If you follow professional sport, you’re likely all too familiar with the role injuries play in the game. However players can sometimes suffer due to incidents that happened elsewhere.
That last sentence is especially hard to digest for fans of the NBA’s Atlanta Hawks, who lost their starting shooting guard, Thabo Sefolosha. Sefolosha fractured his leg in a struggle with police outside a New York nighclub on April 8. Sefolosha, a black man of Swiss and South African descent, was arrested on that night, charged with misdemeanor, obstructing government administration, disorderly conduct, and resisting arrest.
In short, Sefolosha was accused of disobeying an officer’s orders to leave a crime scene in the wake of a stabbing incident involving fellow NBA player Chris Copeland. His teammate, Pero Antic, was also arrested on that night although charges were dropped against him. News site TMZ was able to obtain two separate videos of parts of the incident, seen below. Sefolosha is the man in the black hoodie, surrounded by five or six officers. Antic is the bearded man in grey, already on the ground. At this point, Thabo has already been arrested, there’s no clear video evidence of what he did that resulted in him getting the handcuffs thrown on him.
Although he was found not guilty of the charges, Sefolosha was forced to watch from the sidelines as his Atlanta Hawks team, who earned the #1 seed in the conference, sputtered out of the NBA playoffs, swept by LeBron James and the Cleveland Cavaliers in the Eastern Conference Finals. It’s impossible to know how Atlanta would’ve fared if Sefolosha was able to be in the starting lineup as he had been all season. These sorts of “what ifs” as they relate to injuries are commonplace among fans. It’s a harder pill to swallow when the reason for an injury is due to excessive force by the New York Police Department. For the numerous black fans of the NBA, it hits a little harder, a reminder of the racial targeting by police that’s become an all-too-frequent part of the news cycle in 2015.

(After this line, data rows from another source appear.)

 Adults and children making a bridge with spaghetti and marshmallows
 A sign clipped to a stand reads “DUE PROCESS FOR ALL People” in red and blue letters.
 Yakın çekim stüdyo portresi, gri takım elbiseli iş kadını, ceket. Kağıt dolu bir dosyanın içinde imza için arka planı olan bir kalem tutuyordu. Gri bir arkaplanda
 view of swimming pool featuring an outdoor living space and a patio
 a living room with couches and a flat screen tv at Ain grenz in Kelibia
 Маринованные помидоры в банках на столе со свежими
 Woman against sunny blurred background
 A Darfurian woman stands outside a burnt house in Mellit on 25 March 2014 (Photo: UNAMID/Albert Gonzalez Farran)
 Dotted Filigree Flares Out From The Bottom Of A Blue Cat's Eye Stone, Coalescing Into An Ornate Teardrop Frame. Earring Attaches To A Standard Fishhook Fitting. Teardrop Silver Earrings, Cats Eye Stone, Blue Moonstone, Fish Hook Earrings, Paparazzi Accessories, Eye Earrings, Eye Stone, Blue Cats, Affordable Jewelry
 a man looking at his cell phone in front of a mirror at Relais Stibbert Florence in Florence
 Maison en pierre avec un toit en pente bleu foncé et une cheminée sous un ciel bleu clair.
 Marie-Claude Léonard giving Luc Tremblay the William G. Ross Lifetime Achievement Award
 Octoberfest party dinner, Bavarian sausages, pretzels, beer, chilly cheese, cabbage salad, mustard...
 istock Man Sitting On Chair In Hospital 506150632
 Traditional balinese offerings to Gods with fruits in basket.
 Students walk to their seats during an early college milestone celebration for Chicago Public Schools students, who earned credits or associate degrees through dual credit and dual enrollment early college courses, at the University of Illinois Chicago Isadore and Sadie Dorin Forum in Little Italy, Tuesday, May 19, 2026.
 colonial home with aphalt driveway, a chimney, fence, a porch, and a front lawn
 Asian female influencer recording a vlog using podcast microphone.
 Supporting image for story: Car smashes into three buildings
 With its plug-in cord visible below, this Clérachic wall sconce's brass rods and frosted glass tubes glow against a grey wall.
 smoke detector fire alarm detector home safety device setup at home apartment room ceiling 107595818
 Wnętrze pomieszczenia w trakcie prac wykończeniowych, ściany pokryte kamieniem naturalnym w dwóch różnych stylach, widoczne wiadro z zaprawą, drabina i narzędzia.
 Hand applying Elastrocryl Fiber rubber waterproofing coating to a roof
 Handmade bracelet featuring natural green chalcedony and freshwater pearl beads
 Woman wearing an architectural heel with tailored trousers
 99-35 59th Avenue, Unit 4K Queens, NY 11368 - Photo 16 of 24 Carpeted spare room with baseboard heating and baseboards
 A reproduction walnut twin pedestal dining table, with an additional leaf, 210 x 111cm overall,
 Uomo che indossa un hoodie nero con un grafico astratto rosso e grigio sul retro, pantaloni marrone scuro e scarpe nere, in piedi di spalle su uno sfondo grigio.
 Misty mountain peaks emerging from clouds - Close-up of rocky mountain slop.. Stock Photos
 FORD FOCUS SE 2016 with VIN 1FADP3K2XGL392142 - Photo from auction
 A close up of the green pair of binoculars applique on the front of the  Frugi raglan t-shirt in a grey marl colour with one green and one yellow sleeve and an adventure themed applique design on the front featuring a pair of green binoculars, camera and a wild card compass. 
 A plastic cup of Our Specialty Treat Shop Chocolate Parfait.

Most people in situations similar to Thabo’s will take plea bargains, as opposed to paying for a lawyer and fighting the case.With the salary of an NBA player, he was able to afford to bring this case to trial instead of accepting a plea bargain; which would have meant he would complete one day of community service, be on six months of probation and had the charges dismissed. This is not him fighting against the NYPD, although that remains a possibility for the future.
His trial was for the charges that came with to his arrest outside the nightclub. His attorney has been quoted as saying that Thabo is going to trial on principle, but there has been speculation that he’s done so because a not guilty verdict will be a much better outcome than taking a plea bargain if he chooses to file a civil suit against the city of New York for the incident. If one looks at the following accounts of the trial, it’s not terribly surprising that Sefolosha was able to obtain a not guilty verdict.
The basis of the prosecution (the city of New York)’s case against Sefolosha is that Thabo ‘refused to clear the scene after being told upwards of 6 times,’ ‘lunged at an officer who was trying to clear‘, and ‘resisted arrest’.
The prosecution called forward six witnesses, all police officers. When questioned by the defense, the officers admitted that the incident ‘started 50 feet west of the stabbing’. One officer described the lunge as ‘A charge. An aggressive motion, a run’. The defence’s argument was that Sefolosha was attempting to give money to a homeless man. Both parties, Sefolosha and the homeless man, testified that this was the case. Upon the presentation of the TMZ video to this officer, he concedes that Sefolosha ‘was getting in his car to leave’ and that he ‘saw a man standing, Sefolosha got out and interacted with him.’ The officer agreed with the defence’s statement that Thabo is approaching with ‘what appears to be consistent with money’ in his hand. The TMZ video appears to corroborate this story, a woman can be heard saying ‘he was just trying to give him money’.
The police officer’s reaction to a 6″7 black man making a sudden movement when surrounded by cops was to arrest him forcefully, and for one officer to swing his police baton at him. But why was Sefolosha surrounded by cops in the first place? There was a group of individuals at a pizza restaurant closer to the crime scene than he was, they were neither instructed to leave nor arrested. One of the testifying officer’s reasoning behind this is that ‘they might have been undercover [policemen]’. If the officer is willing to make the assumption that people at a pizza restaurant might be undercover police, it’s no real stretch of the imagination that he would assume a large black man was dangerous, and a threat.
In this case, it seems like the New York Police Department got unlucky in making that assumption towards a public figure with enough money to fight the case, and enough of a public profile to make news headlines across the United States. Again, Thabo was a starting player in the best NBA team in the Eastern Conference last year, and this incident happened as the playoffs were quickly approaching. The media should have been covering this – the ‘debate shows’ that are ever popular in American sports media should have been discussing this on a daily basis. Should, unfortunately, is the key word here.